ACTION ITEM
The expected output is a verbatim reprint of the lines from the beginning of the data that follows through the line that contains "808999 Shoe Cabinet".

§

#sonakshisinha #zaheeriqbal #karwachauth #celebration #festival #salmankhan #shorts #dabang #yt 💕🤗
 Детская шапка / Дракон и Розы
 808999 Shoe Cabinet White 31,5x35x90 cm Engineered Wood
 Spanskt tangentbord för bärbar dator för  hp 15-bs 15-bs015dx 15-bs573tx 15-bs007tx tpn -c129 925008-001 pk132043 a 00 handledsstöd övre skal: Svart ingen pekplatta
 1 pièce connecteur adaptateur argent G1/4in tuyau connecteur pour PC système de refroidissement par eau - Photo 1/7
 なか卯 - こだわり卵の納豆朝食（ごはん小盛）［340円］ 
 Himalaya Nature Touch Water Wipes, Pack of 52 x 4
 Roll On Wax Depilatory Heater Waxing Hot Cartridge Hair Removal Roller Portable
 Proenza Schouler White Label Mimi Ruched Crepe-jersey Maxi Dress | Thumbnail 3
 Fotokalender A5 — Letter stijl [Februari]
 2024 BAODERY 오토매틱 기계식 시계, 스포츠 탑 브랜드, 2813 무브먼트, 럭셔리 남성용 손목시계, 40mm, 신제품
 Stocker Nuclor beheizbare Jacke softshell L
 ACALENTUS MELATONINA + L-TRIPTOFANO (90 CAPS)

§

RESPONSE TO THIS TASK
#sonakshisinha #zaheeriqbal #karwachauth #celebration #festival #salmankhan #shorts #dabang #yt 💕🤗
 Детская шапка / Дракон и Розы
 808999 Shoe Cabinet White 31,5x35x90 cm Engineered Wood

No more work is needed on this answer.